Bullet Train received hearty applause and cheers from festivalgoers as the screening was introduced with a surprise video call from the movie’s star Brad Pitt.
“Congratulations to the whole festival crew on your 75th anniversary. It’s a fantastic achievement and what an honor it is for us to be a part of this festival with our movie Bullet Train,” he said.
Pitt stars as an experienced assassin whose first day back at work is complicated by a series of other professional killers with a similar mission. Sandra Bullock, Joey King, Aaron Taylor-Johnson, Brian Tyree Henry, and Michael Shannon also star.
Ahead of the Bullet Train screening, co-star Taylor-Johnson was presented with the festival’s Davide Campari Excellence Award.
In a lengthy acceptance speech, Taylor-Johnson thanked his many collaborators and co-stars and discussed how he has cultivated his career outside of traditional ideas of stardom.
He said: “I genuinely don’t follow my career outside my world view. I’m in my own little bubble with my wife and daughters. In fact, sometimes people ask me what I do, and I say I’m a dad and I do acting on the side, part-time.”
The opening night also saw the launch of the festival’s new Postcards from the Future series featuring a collection of short films made by eleven Swiss and international filmmakers. The opening short by Ukrainian filmmaker Natalka Vorozhbyt centered on the reality of Russian aggression in Ukraine.
Wednesday evening’s opening was preceded by a minor ruckus after there were calls from a group of Israeli filmmakers for Piazza Grande title My Neighbor, Adolf by Leon Prudovsky to be dropped from the line-up due to concerns over what they called “racist” and “explicitly political” conditions attached to its funding from Israel’s Rabinovich Foundation.

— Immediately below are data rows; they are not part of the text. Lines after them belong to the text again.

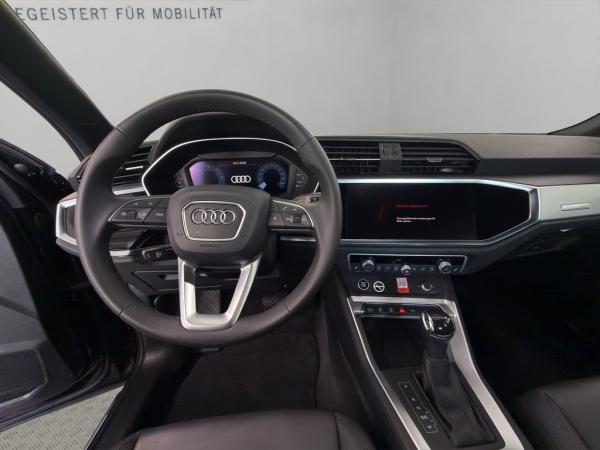 Audi Q3 35 TDI S line / JETZT GW+ KONDITIONEN SICHERN !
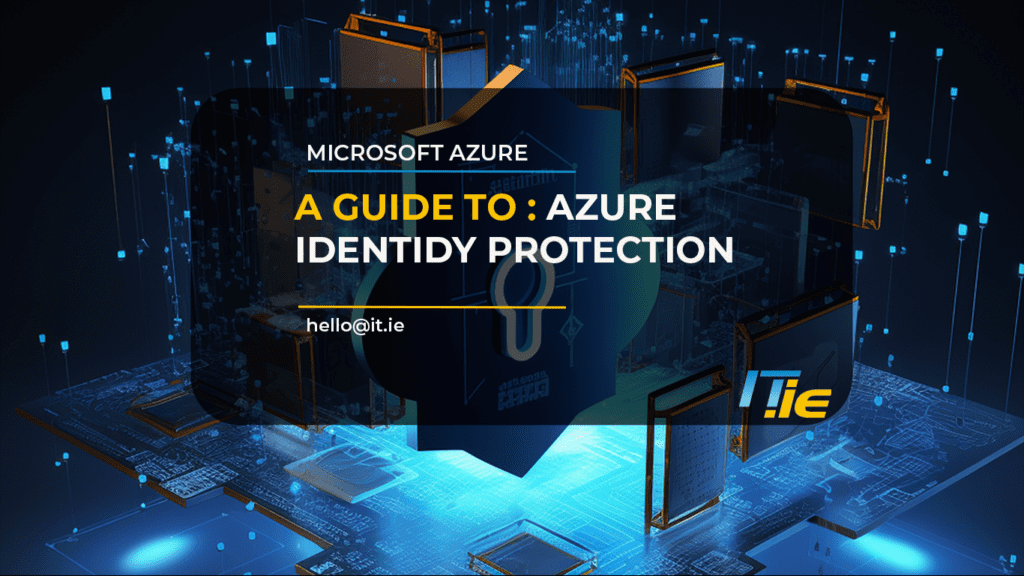Azure Identity Protection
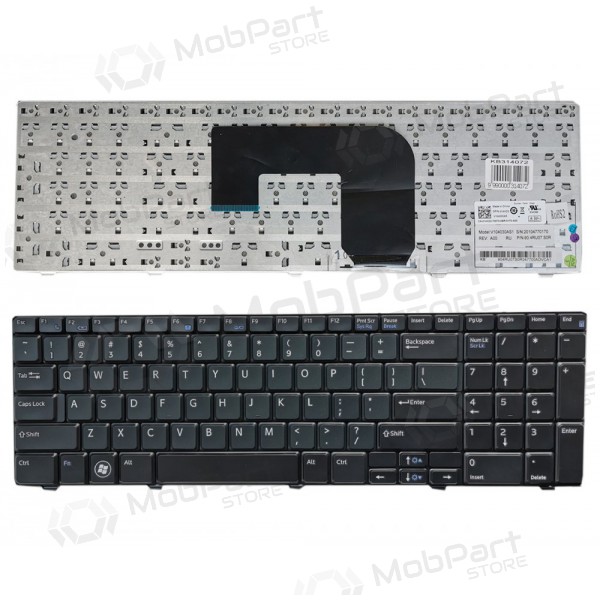 DELL Vostro: 3700, V3700 Tastatur DELL Vostro: 3700, V3700 Tastatur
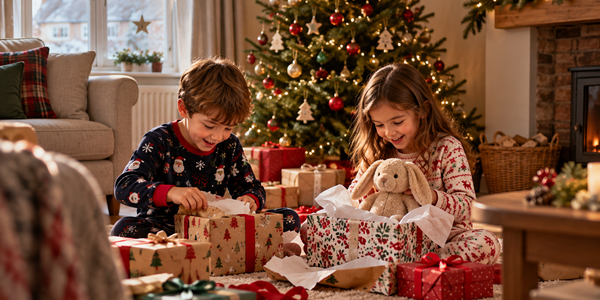 The Best Christmas Toys & Gift Ideas for Children: A Parent’s Guide to Finding the Perfect Present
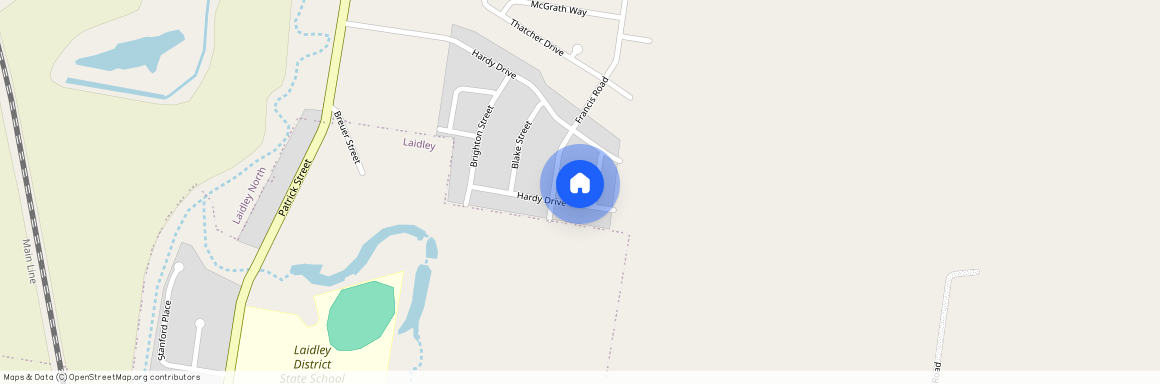 58 Hardy Drive, Qld 4341, Laidley North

Locarno artistic director Giona A. Nazzaro rejected the demands and said the film would screen as planned on the Piazza Grande on August 4.
“When we selected Leon Prudovsky’s My Neighbor Adolf in April we chose a film that convinced us with his tremendous artistic qualities. A depiction of the complex human experience, expressed by the touching performances of David Hayman and Udo Kier,” he said in a statement provided to Deadline.
“Freedom of expression and the artistic freedom have been the guiding principles of the Locarno Film Festival for 75 years. We are convinced that all artistic works need independence and dialogue and should be produced always without constraints. Director Leon Prudovsky confirmed that he was not suffering from any pressure when making his film,” it continued.
According to the group of Israeli filmmakers and artists calling for the boycott, the Rabinovich Foundation contractually obliges producers to agree that their films don’t include any statement or message that denies the “existence of the state of Israel as a Jewish and democratic state.”
The dark comedy stars David Hayman as a Holocaust survivor living in Colombia in the 1960s. And when a mysterious old German man moves in next door he begins to suspect his new neighbor is Adolf Hitler.
Other films set to screen at the lakeside event include Laurie Anderson’s Home of the Brave; Anna Gutto’s Paradise Highway, starring Juliette Binoche as a truck driver who traffics a young girl; and post-Bataclan terror attack drama You Will Not Have My Hate by German director Kilian Riedhof.
A host of top names will also pass through the Piazza across the next week, including Daisy Edgar Jones, Jason Blum, and Matt Dillon who are all set to receive honors.
The Locarno Film Festival runs from August 3-13.